+++ The data +++
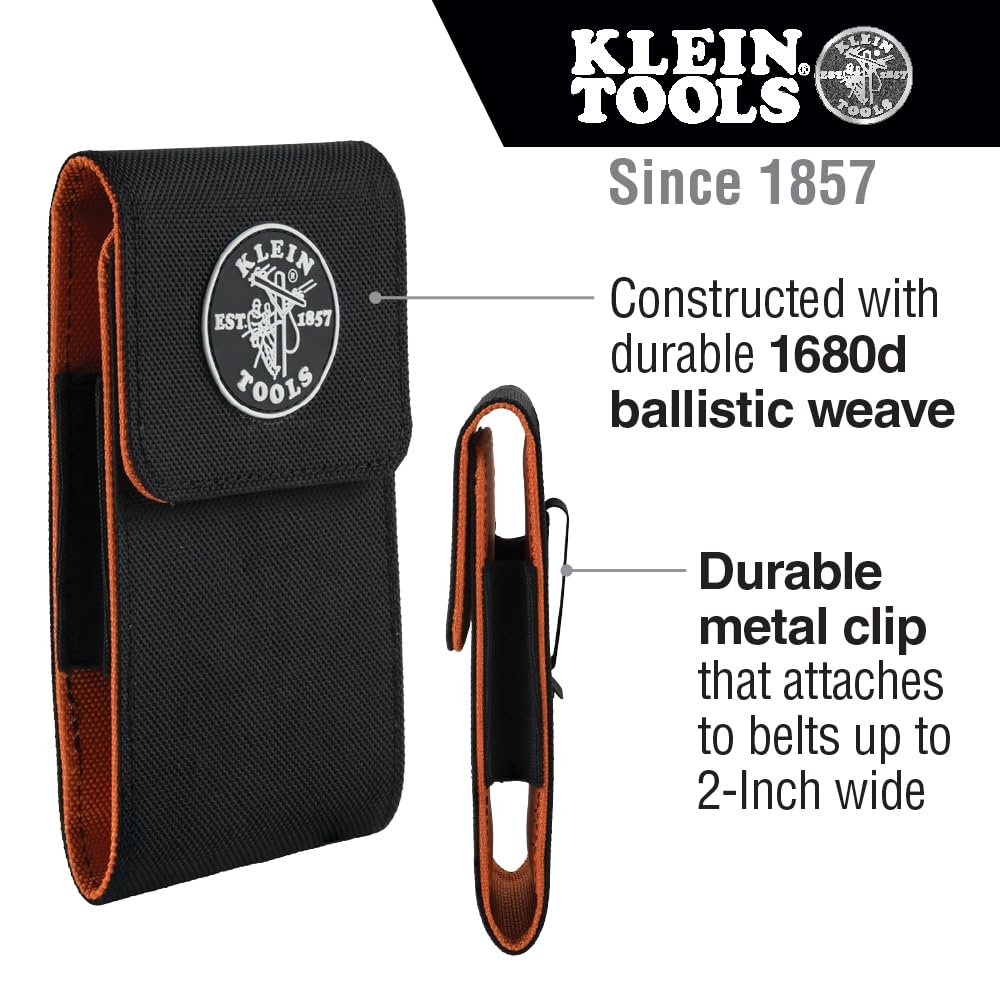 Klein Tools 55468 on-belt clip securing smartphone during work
+++
+++ The data +++
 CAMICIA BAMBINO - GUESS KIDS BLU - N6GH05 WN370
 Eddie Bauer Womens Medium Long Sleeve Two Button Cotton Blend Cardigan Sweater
+++
What to produce - For the lines above, output exactly those from the line containing "CAMICIA BAMBINO - GUESS" through the line containing "Eddie Bauer Womens", and skip the others.

Final answer -
 CAMICIA BAMBINO - GUESS KIDS BLU - N6GH05 WN370
 Eddie Bauer Womens Medium Long Sleeve Two Button Cotton Blend Cardigan Sweater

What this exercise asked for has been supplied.